Technically, Far From Heaven is magnificent. The cast perform it perfectly in the style of the period: the dialogue manages to be overwrought and constrained all at the same time, and saying these lines naturalistically would kill them stone dead. The look and sound of the film is immaculate, with Edward Lachman's colour-rich photography and Elmer Bernstein's achingly beautiful score the obvious highlights. And although it's by no means attempting to put a contemporary spin on the issues that Sirk could only hint at back in the fifties, it certainly depicts them with a lot more frankness, while still getting across the fear that race and sexuality could generate back then. (This feels like the most taboo-breaking film Haynes has ever made, and it's still only a 12A.)

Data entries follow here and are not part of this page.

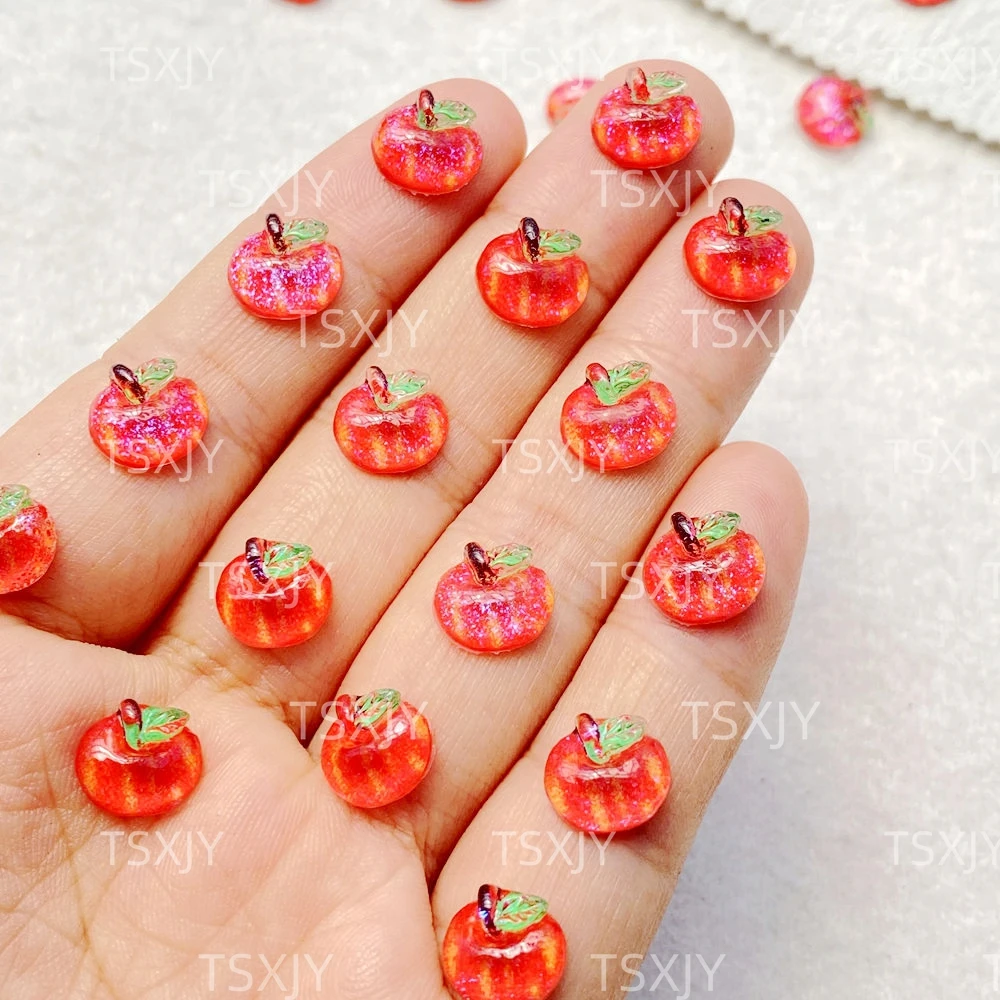 50Pcs Cute Resin Mini Red Apples FlatBack Ornament Jewelry Making Manicure Hairwear Accessories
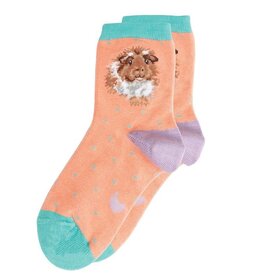 Wrendale Designs Medium Children's Socks - 'Grinny Pig' 4-7 Years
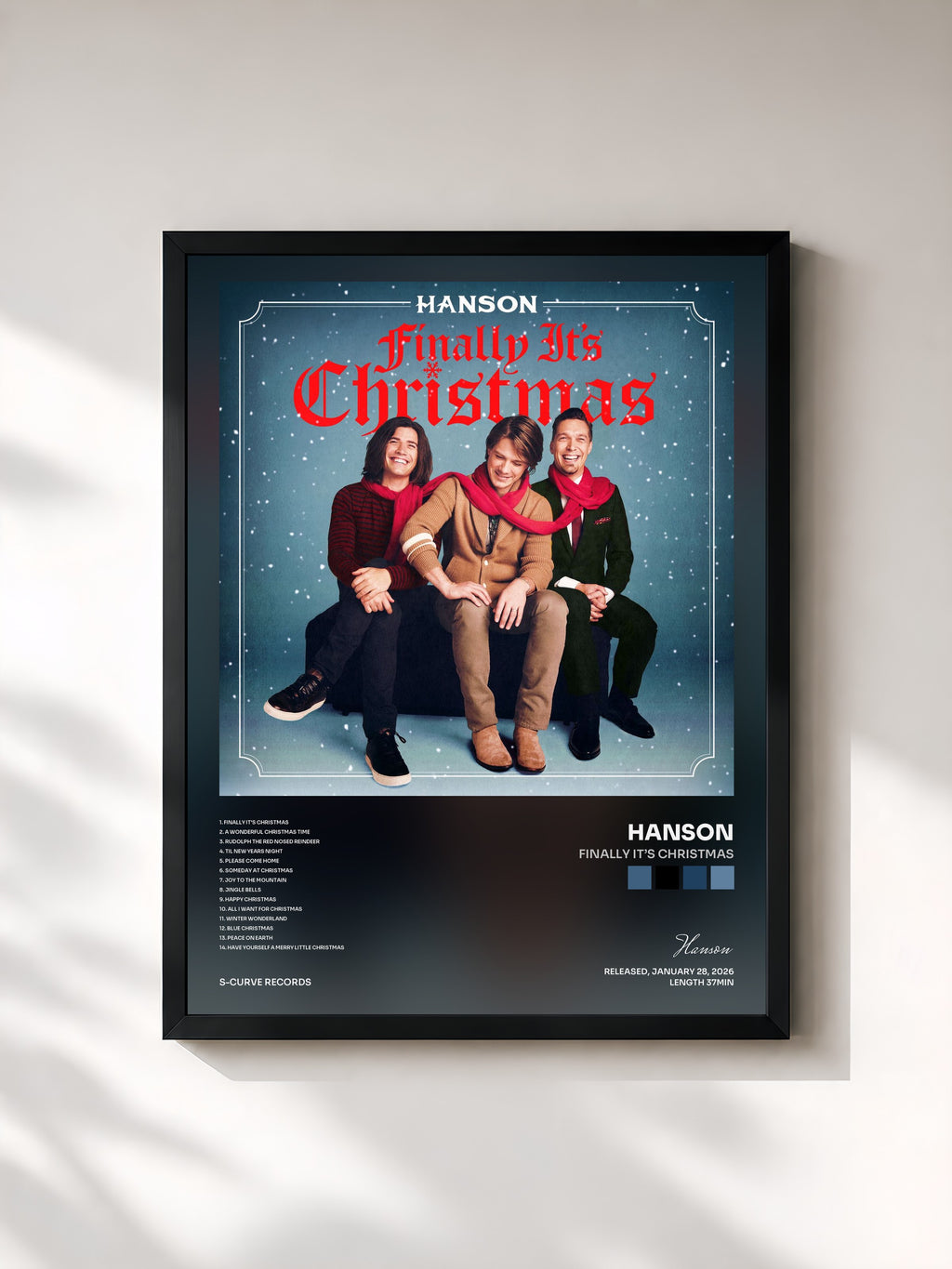 #noir Tableau de l'album Finally It’s Christmas de Hanson, cadre noir, imprimé et encadré en France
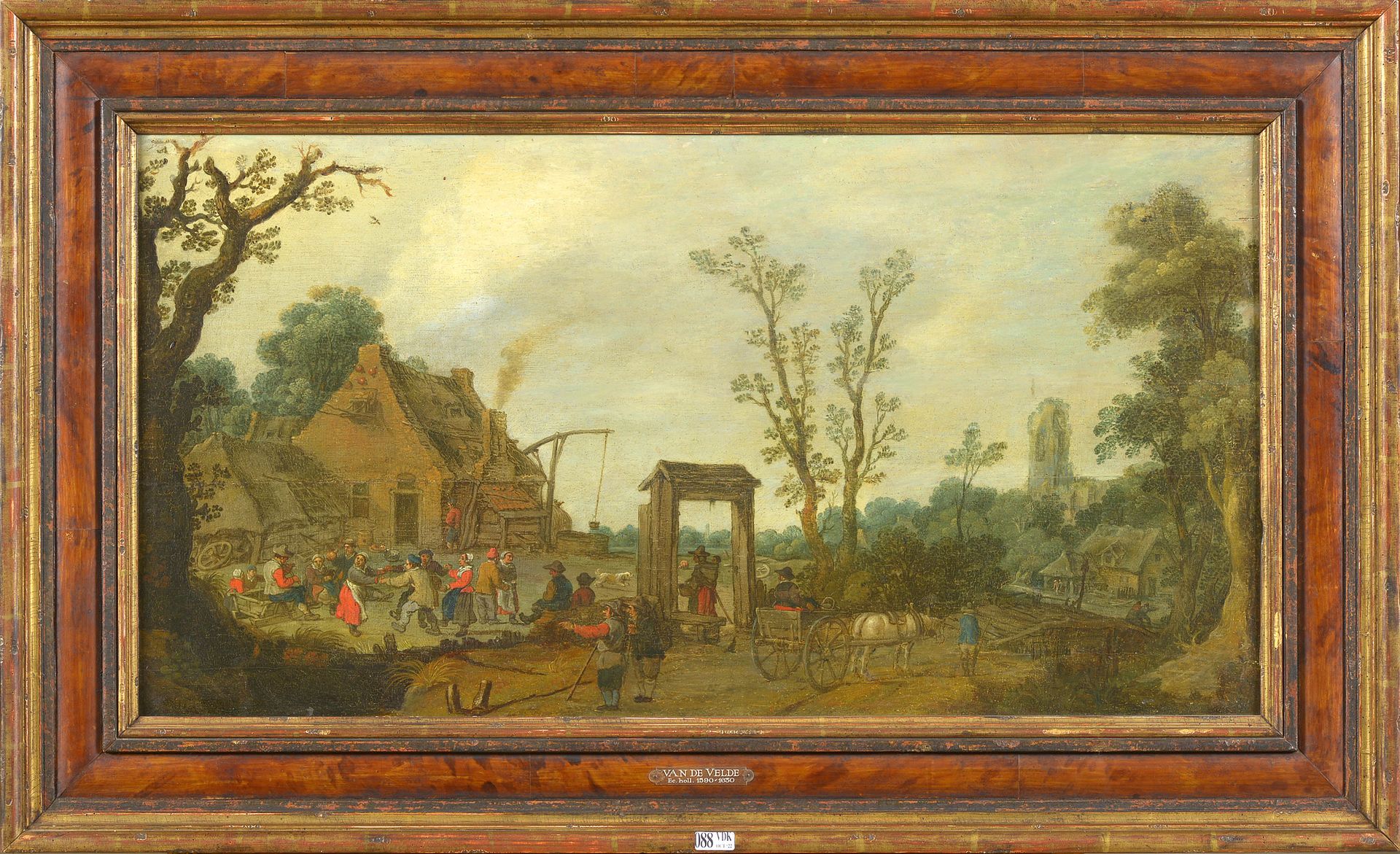 VAN DE VELDE Esaias (vers 1590-1630). Attribué à. 强化橡木板上的油画《乡村盛宴》。归功于长老埃塞亚斯-范-德-&hellip;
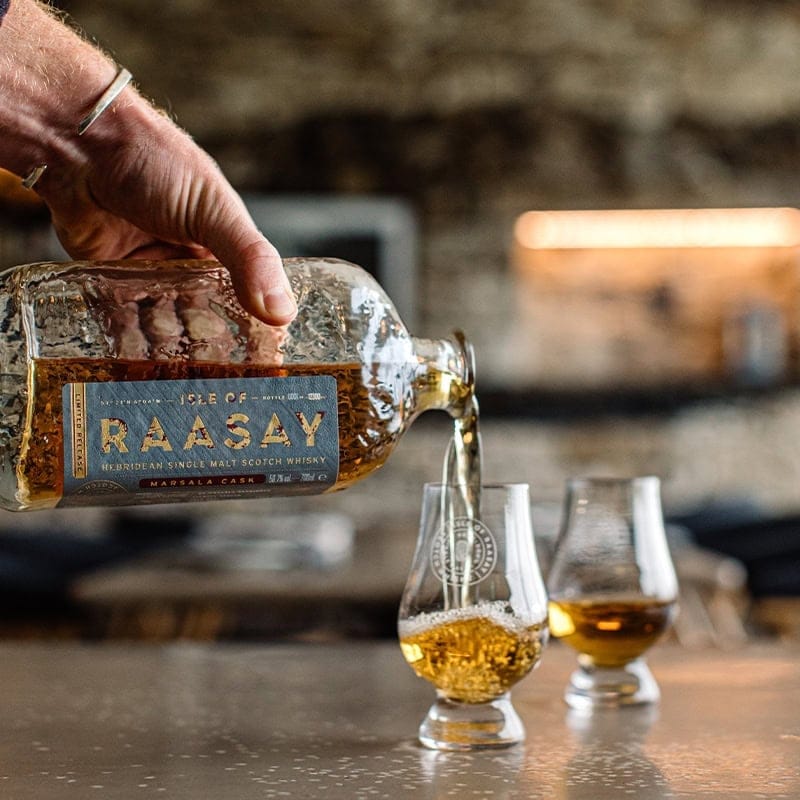 Isle of Raasay Single Malt Marsala Cask 2025 - lifestyle shot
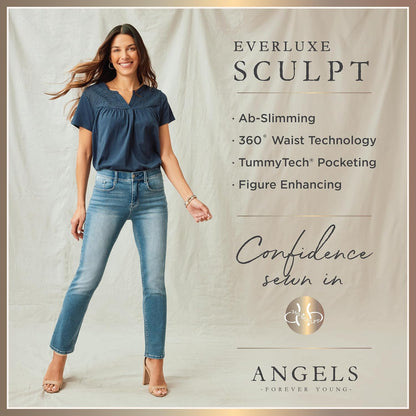 Angels Forever Young Women's 360 Sculpt Skinny Mid-Rise Jeans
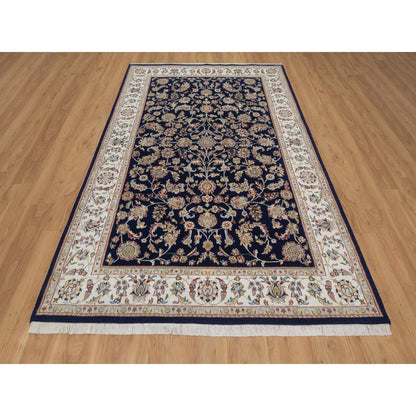 6'x9'5" Midnight Blue Nain Wool and Silk Soft 250 KPSI Hand Knotted Rug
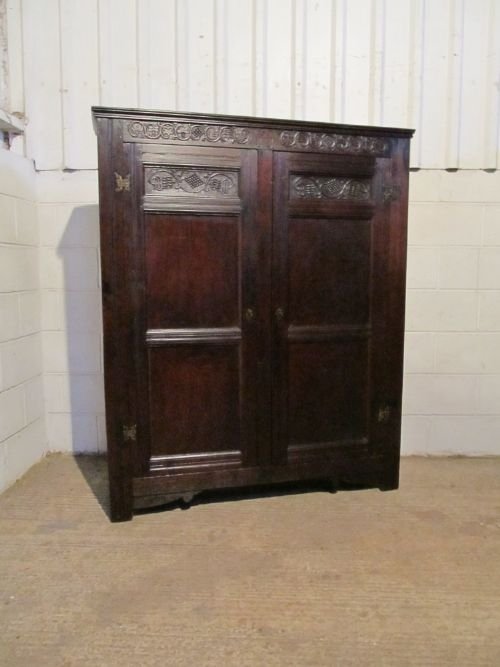 antique georgian joined oak tack or hall cupboard c1780 wdb61321511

Haynes is obviously shooting for the same level of high emotion that Sirk injected into his overblown tales. But in the end Far From Heaven is just a little too knowing to pull it off: all too often the film feels too much like a classy pastiche to actually have any genuine feeling. How much of that is actually true, and how much of it is down to the baggage that a director like Haynes brings to the project, is difficult to say. Certainly it's not a problem that affects the whole movie, and there are definite moments towards the end when the emotional intensity is high enough to break through the distancing levels of irony. Just not quite enough of them to make this a truly great movie: but enough to make it very good indeed. Beats the shit out of last year's Hearts In Atlantis, anyway.